Flaherty responds to Marc’s report

The Finance Minister denies my charges that a slowdown could lead to a deficit, as reported on CBC:

Flaherty rejects think-tank’s deficit warning

Last Updated: Monday, January 14, 2008 | 2:50 PM ET

Finance Minister Jim Flaherty said Monday that there’s no substance to worries that the country will head back into a deficit situation if the economy slows. Flaherty was responding to a new report by the left-leaning Canadian Centre for Policy Alternatives (CCPA), which warned that the federal treasury could easily record a deficit if economic growth slows more than the government expects.

“If [the CCPA] had been paying attention they would have noticed that in the autumn we were anticipating some slowing in the Canadian economy, as a result of the quite significant slowing in the U.S. economy,” Flaherty told reporters at a Vancouver news conference. “For that reason, in the fall economic statement on Oct. 30, we made dramatic historic tax reductions — business tax reductions — in Canada,” he said.

“We will keep spending within the rate of growth of the economy, and quite frankly, I hope to do more than that,” he said. “I want to make sure we keep the budget in surplus.”

It is worth pointing out that I simply used Flaherty’s own numbers and modeled changes in rate of economic growth, from a mild downturn to a full-blown recession.
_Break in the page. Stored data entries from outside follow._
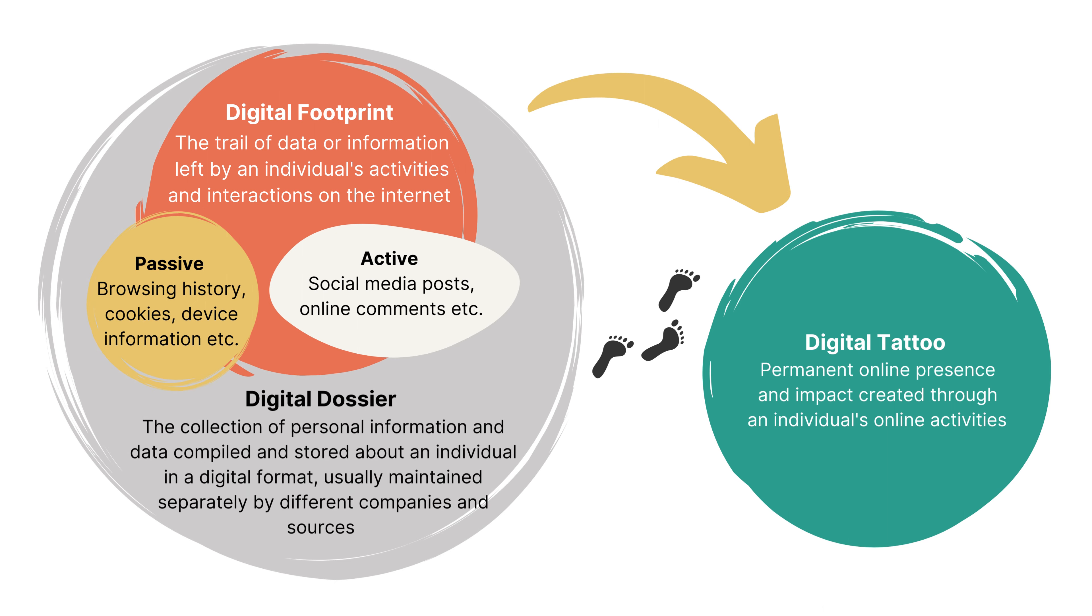Digital dossier, on the other hand, is the term that refers to any personal information and data compiled and stored in a digital format, and they are usually maintained separately by different companies and sources. With this definition, your digital dossier is much bigger than you might think.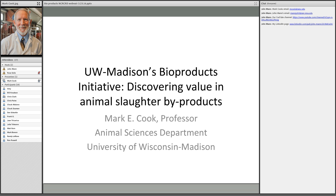Thank you very much John, and welcome to everybody. We have a nice blend of people from academia as well as the private sector, which is great. I've been at Wisconsin for 33 years and I really love bridging that connection to the private sector with academia. I'm going to tell you about an initiative that was put together on Madison's campus, really started through the leadership of Dan Schafer, chair of the Animal Sciences department, and our attempt to make discoveries and move them to the private sector.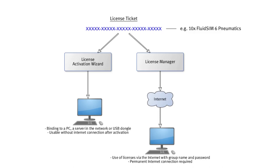With the online licenses, FluidSIM can be used very flexibly without the risk of losing licenses or that they are being tied to a specific hardware.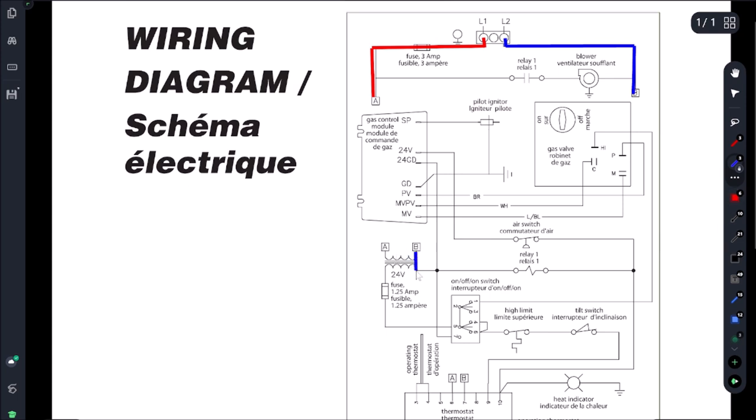So here's the transformer, we're going to bump it down to 24 volts and then we're going to come through here onto our pin 7, and then our hot side of our 24 volts is going to come through here, pin 5.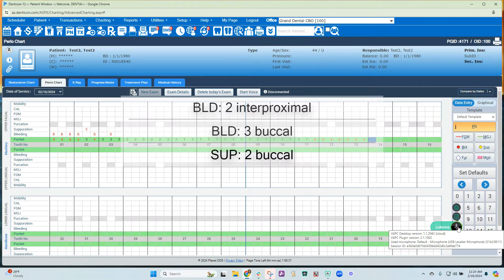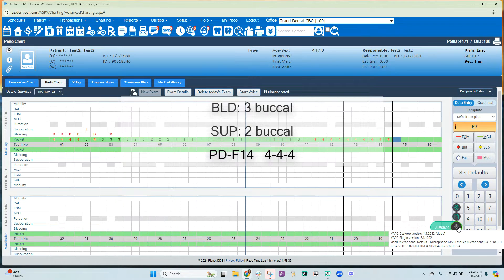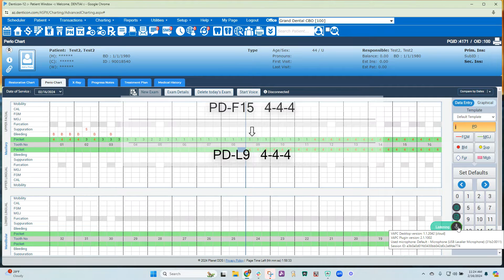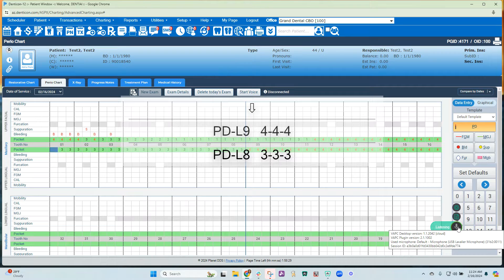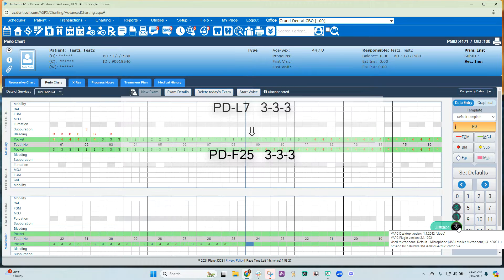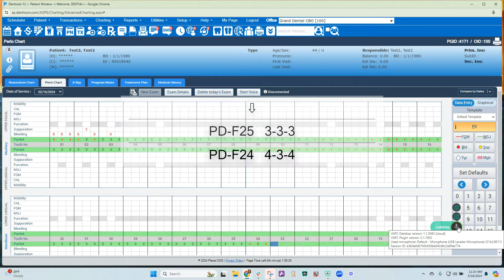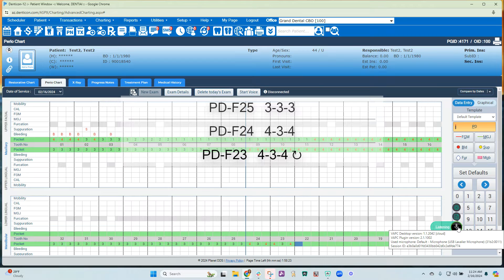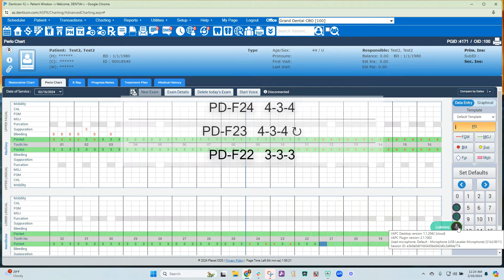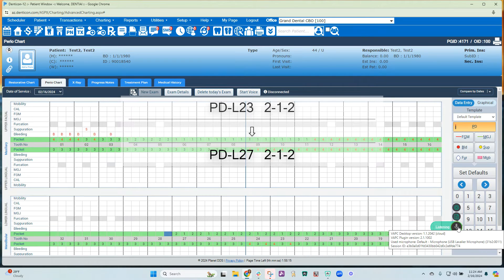4 4 4 repeat 10. 3 3 3 repeat 15. 4 3 4 repeat. 3 3 3 repeat 10. 2 1 2 repeat 5. 3 3 3 repeat 4. 4 4 repeat 10. Jump Gingival Margin.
The may have knocked down their growth estimates a bit in the EFU, but their estimate of 4.8% nominal growth is arguably now on the high end. But I’m not a forecaster; my point was merely to see what happened if the economy goes south. And also to ask what federal parties would do in such circumstances.

It is also interesting that Flaherty, as I suspected, has changed his tune from tax cuts resulting from good economic times to tax cuts as the answer to a downturn. Pose the question any way you like and the answer always comes up tax cuts!
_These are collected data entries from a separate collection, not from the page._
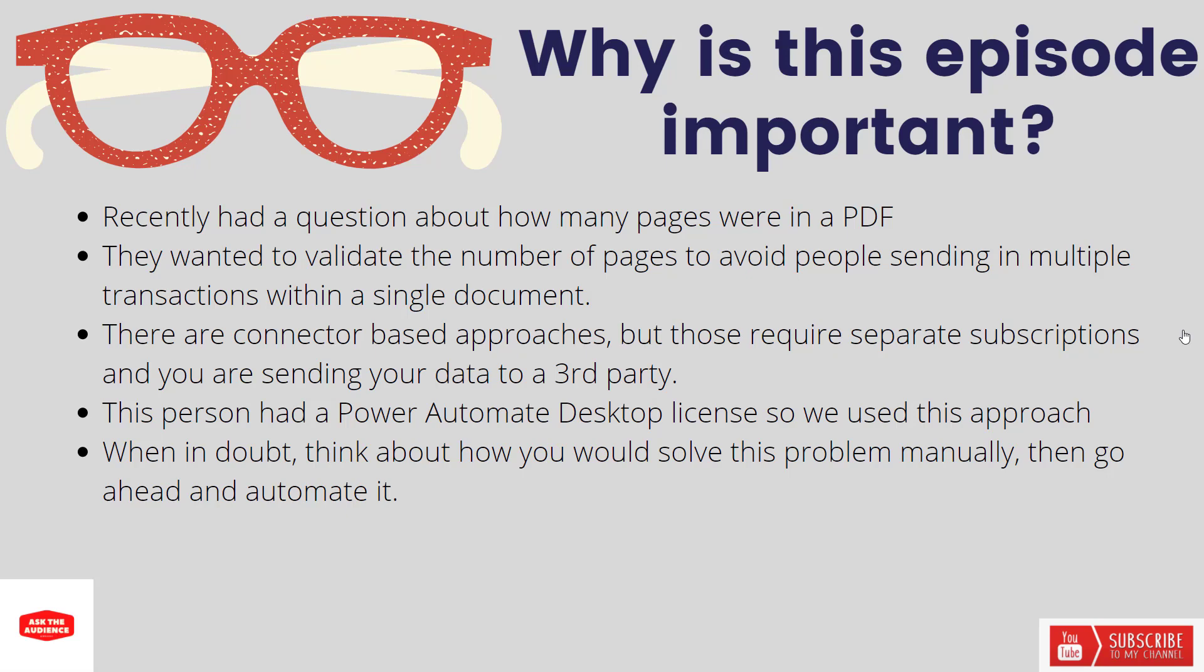In this case this person already had Power Automate Desktop and a related license, so this made sense for them to go ahead and use this approach.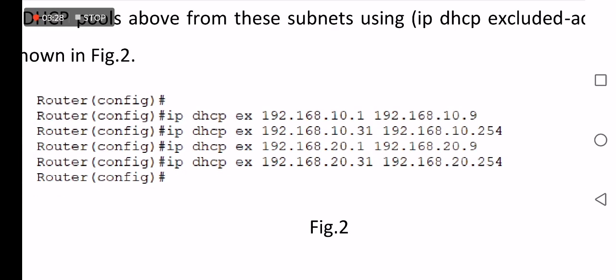The first executed commands are related to pool 1 or subnet 10, the left side of the topology. IP DHCP exclude from 192.168.10.1 to 192.168.10.9 excludes the left side IP addresses, then IP DHCP exclude from 192.168.10.31 to 192.168.10.254 excludes the right side IPs of pool 1.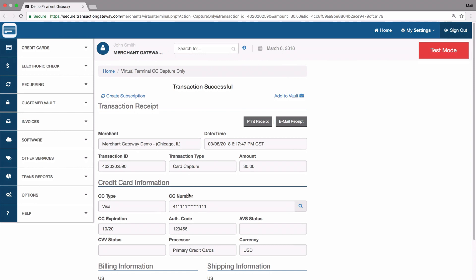This will now settle out. And of course, like any other transaction — on the authorization or the capture — you can print a receipt or email it, whichever you'd like.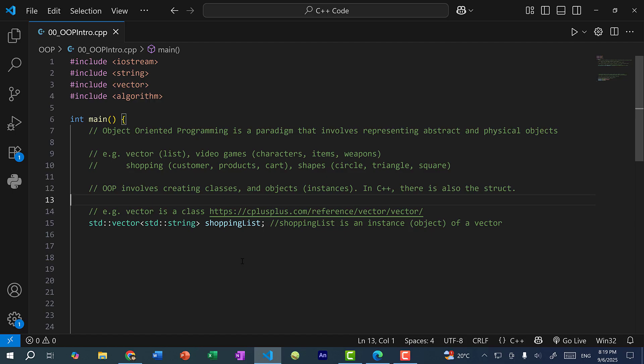And we can also use OOP for other things such as video games. So in video games, we have characters, items, weapons. These can all be represented. So characters can have a name, items also have a name, they might have an effect, weapons also have a name, they might have an attack power, or weapon category, etc.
The CCPA says the tax cuts announced last October give Ottawa little wiggle room to stay in surplus should be economy turn sour.
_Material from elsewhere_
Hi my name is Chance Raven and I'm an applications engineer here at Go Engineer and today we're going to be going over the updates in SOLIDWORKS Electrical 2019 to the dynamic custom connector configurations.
The centre’s report outlines four possible scenarios for the economy and even under its least pessimistic version — inflation-adjusted growth of one per cent this year and 1.5 per cent next year — the budget surplus would vanish in 2008-09 and become a $2.4 billion deficit by 2009-10.

The CCPA said the federal government “can and should” run a deficit if the economy turns down. “The biggest danger is that the feds will respond by cutting spending in order to maintain the budget balance, a move that would only worsen the downturn,” said the CCPA’s chief economist Marc Lee, the report’s author.

Flaherty was in Vancouver to launch the Finance Department’s pre-budget consultations. Flaherty will tour the country, hearing ideas from business leaders about what they’d like to see in the budget. The department’s online pre-budget consultation initiative last year attracted almost 8,000 submissions from the public.

“Although our economic fundamentals are solid, we need to focus on the various risks and challenges that confront us,” Flaherty said in remarks posted on the Finance Department website. “These include the impact of an economic slowdown in the U.S. and ongoing turmoil in financial markets, the continuing need to adjust to a higher Canadian dollar and increasing global competition, as well as the aging of the Canadian population.”

Flaherty and Prime Minister Stephen Harper have already cautioned that there may not be much additional tax relief or new spending in the budget.

“We will be extremely cautious in the year to come,” Harper said on New Year’s Eve as his government’s latest GST cut was about to go into effect. “We’re not going to undertake any long-run spending or tax reduction initiatives unless we believe they are affordable on a long-term basis.”

Unfortunately, Flaherty did not answer the question: what would the Tories do if faced with a deficit. I suggest that they would be more likely to keep their tax cuts and cut spending instead, precisely the wrong move in fiscal policy terms.